[WIP] Adding sklearn wrapper for LDA code #932

AadityaJ · 2016-10-10T07:48:16Z

creating wrapper to make LdaModel of gensim scikit-learn API enabled

tmylk · 2016-10-10T09:07:30Z

Please add tests, a changelog and a quick draft of an ipynb on how to use it with sklearn api.

devashishd12 · 2016-10-10T09:10:10Z

Wouldn't it be useful to also add a partial_fit which wraps update?

tmylk · 2016-10-10T09:30:26Z

Yes, update is on the road map

piskvorky · 2016-10-21T02:13:23Z

gensim/sklearn_integration/base.py

+            self.setattr(parameter, value)
+        return self
+
+    def fit(self,X,y=None):


PEP8: Spaces after commas.

suggestions have been incorporated. thanks

piskvorky · 2016-10-21T02:13:44Z

gensim/sklearn_integration/base.py

+        """
+        if X is None:
+            raise AttributeError("Corpus defined as none")
+        self.lda_model = gensim.models.LdaModel(corpus=X,num_topics=self.n_topics, id2word=self.id2word, passes=self.passes,


Code style: we don't use vertical indent in gensim.
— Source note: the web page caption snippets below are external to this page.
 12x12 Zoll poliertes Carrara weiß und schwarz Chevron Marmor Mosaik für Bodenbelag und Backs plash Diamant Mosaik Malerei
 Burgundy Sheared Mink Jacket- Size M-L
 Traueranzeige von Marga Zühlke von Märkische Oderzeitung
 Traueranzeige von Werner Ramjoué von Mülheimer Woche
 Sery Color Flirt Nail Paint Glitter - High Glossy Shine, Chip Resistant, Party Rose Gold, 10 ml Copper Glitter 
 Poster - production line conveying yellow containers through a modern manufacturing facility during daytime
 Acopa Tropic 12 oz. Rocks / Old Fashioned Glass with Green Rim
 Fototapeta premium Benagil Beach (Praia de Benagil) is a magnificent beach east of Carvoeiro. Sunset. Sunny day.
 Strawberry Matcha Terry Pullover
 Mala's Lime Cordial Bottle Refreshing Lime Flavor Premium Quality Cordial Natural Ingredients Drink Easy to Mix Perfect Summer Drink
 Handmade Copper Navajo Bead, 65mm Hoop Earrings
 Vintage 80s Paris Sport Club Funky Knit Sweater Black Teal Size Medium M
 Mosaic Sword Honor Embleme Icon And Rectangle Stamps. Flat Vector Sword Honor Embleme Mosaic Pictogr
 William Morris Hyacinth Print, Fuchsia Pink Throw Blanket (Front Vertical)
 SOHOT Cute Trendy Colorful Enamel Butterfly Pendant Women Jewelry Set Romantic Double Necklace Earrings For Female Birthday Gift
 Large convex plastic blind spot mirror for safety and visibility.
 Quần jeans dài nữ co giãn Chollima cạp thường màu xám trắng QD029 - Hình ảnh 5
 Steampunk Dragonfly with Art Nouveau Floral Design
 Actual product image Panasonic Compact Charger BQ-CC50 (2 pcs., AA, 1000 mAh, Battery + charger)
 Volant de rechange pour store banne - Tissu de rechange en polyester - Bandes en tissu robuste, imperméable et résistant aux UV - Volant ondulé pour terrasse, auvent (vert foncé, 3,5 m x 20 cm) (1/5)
Use hanging indent.

(plus, spaces & commas again)

piskvorky · 2016-10-21T02:14:31Z

gensim/test/test_sklearn_integration.py

+corpus = [dictionary.doc2bow(text) for text in texts]
+
+
+class TestLdaModel:


All Python classes should inherit from object (new-style classes).

piskvorky · 2016-10-21T02:14:44Z

gensim/test/test_sklearn_integration.py

+            self.assertTrue(isinstance(v, float))
+
+if __name__ == '__main__':
+    unittest.main()


Missing newline at the end of file.

piskvorky · 2016-10-25T23:59:25Z

gensim/sklearn_integration/base.py

-                                                eta=self.eta,random_state=self.random_state)
-        return  self.lda_model
+        self.lda_model = gensim.models.LdaModel(
+                         corpus=X, num_topics=self.n_topics, id2word=self.id2word, passes=self.passes,


Indent too large (should be a single level).

piskvorky · 2016-10-26T00:00:03Z

gensim/sklearn_integration/base.py

-        # might need to do more
-    def get_term_topics(self,wordid,minimum_probability=None):
+        return self.lda_model.get_document_topics(bow, minimum_probability=minimum_probability,
+                                                  minimum_phi_value=minimum_phi_value, per_word_topics=per_word_topics)


No vertical indent in gensim; we use hanging indent (see PEP8 for examples).

tmylk · 2016-10-26T07:26:13Z

gensim/test/test_sklearn_integration.py

+        self.model=base.LdaModel(id2word=dictionary,n_topics=2,passes=100)
+        self.model.fit(corpus)
+
+    def testPrintTopic(self):


Please add a partial_fit test

tmylk · 2016-12-19T17:55:25Z

gensim/sklearn_integration/base.py

-
-
-class LdaModel(object):
+class LdaModel(models.LdaModel,object):


Please rename to SklearnWrapperLdaModel

tmylk

Please add a sklearn pipeline example with a classifier

tmylk · 2016-12-25T10:39:11Z

CHANGELOG.md

-
+* Added sklearn wrapper for LdaModel (Basic LDA Model) along with relevant test cases and ipynb draft. (@AadityaJ,
+[#932](https://github.com/RaRe-Technologies/gensim/pull/932))
+* Add online learning feature to word2vec. (@isohyt [#900](https://github.com/RaRe-Technologies/gensim/pull/900))


Please resolve merge conflicts. Only one line should be added to changelog. Remove extra 2 lines about other changes.

Please merge in develop branch to remove merge conflicts

tmylk · 2016-12-25T10:39:54Z

gensim/sklearn_integration/base.py

+                 eval_every=10, iterations=50, gamma_threshold=0.001,
+                 minimum_probability=0.01, random_state=None):
+        """
+        sklearn wrapper for LDA model.derived class for gensim.model.LdaModel


Space after "."

tmylk · 2016-12-25T10:41:40Z

gensim/sklearn_integration/base.py

+from gensim import models
+
+
+class SklearnWrapperLdaModel(models.LdaModel,object):


Rename the python file to "SklearnWrapperGensimLdaModel"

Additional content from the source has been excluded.